When deciding who to accept into the program, they use a ‘Broad-Based Admissions’ approach, where they evaluate you beyond your grades, considering your achievements, skills, and extracurriculars outside of the classroom.
Your Profile gives a full snapshot of these broad-based evaluation criteria, including your academic achievements, extracurricular involvement, and the information you provide in your Personal Profile answers (more on these below).
For your written/video questions on the Personal Profile, the reviewers are looking for students who are articulate, passionate, and dedicated. They also want to see that you can work well under pressure, have the drive to succeed in the program, and can think critically to solve problems.

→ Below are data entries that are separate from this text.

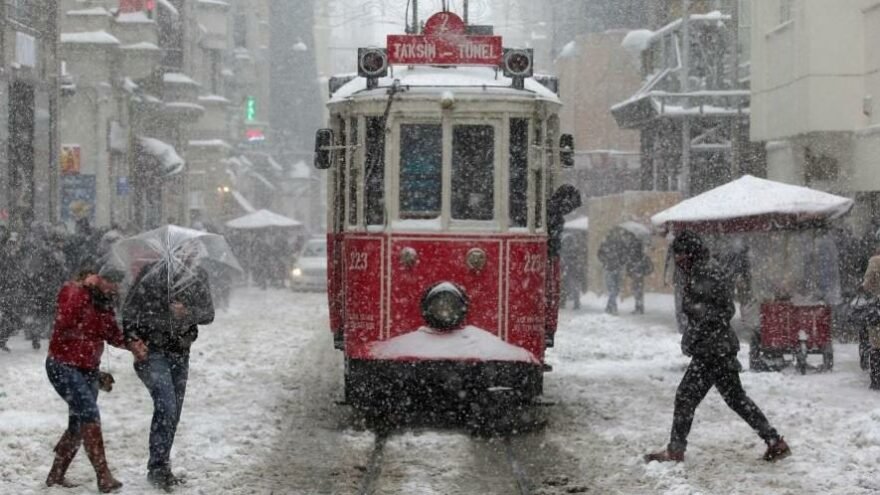 İstanbulu yoğun kar yağışı bekliyor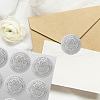 34 Sheets Custom Silver Foil Embossed PET Picture Sticker DIY-WH0528-019-6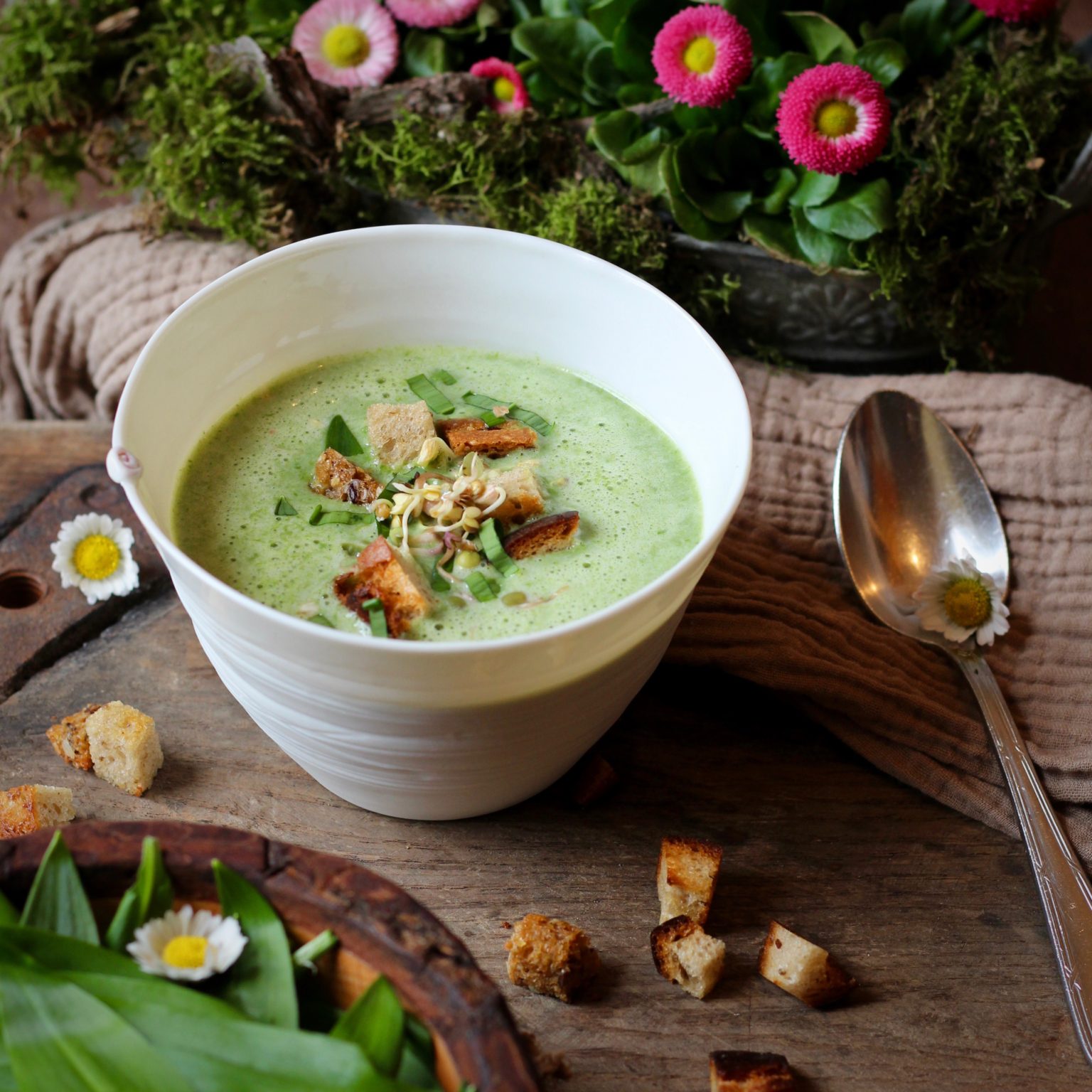 Bärlauchsuppe Rezept - Veronikas Hofküche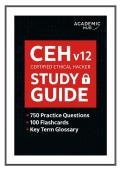 Certified Ethical Hacker &lpar;CEH v12&rpar; Study Guide &lpar;2025&rpar; &ndash; 750 Practice Questions&comma; Flashcards & Key Terms PDF
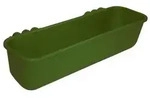 Langfuttertrog - Breite 100 cm - Tiefe 35 cm - H&ouml;he 24 cm - Fassungsverm&ouml;gen 42 l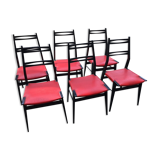 6 Alfred Hendrickx chairs circa 50s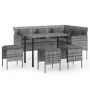 Set de sofás en forma de L 5 pzas cojines ratán sintético gris by , Garden sets - Ref: Foro24-318582, Price: 345,23 €, Discou...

We know that this part of the application can be super stressful. If you need help as you prepare for the U of T Engineering Personal Profile written and video questions, connect with a coach for support. We’ll help you prep answers to possible questions, do mock interviews, and share tips that have helped hundreds of students get into their top-choice programs.
U of T Engineering Personal Profile: Questions
The U of T Engineering Personal Profile questions generally fall into these 2 question types:
- Personal Questions: Allow the interview to get to know you beyond your grades by focusing on topics like interests, goals, role models, accomplishments, teamwork, dealing with conflict, and more.
- Problem Questions: Objective questions that ask you to solve a problem using critical, logical, and creative reasoning.
Here are some possible U of T Engineering Personal Profile questions we’ve seen come up in the U of T Engineering Personal Profile interview.
REMEMBER: These questions are possible for BOTH the written and video responses.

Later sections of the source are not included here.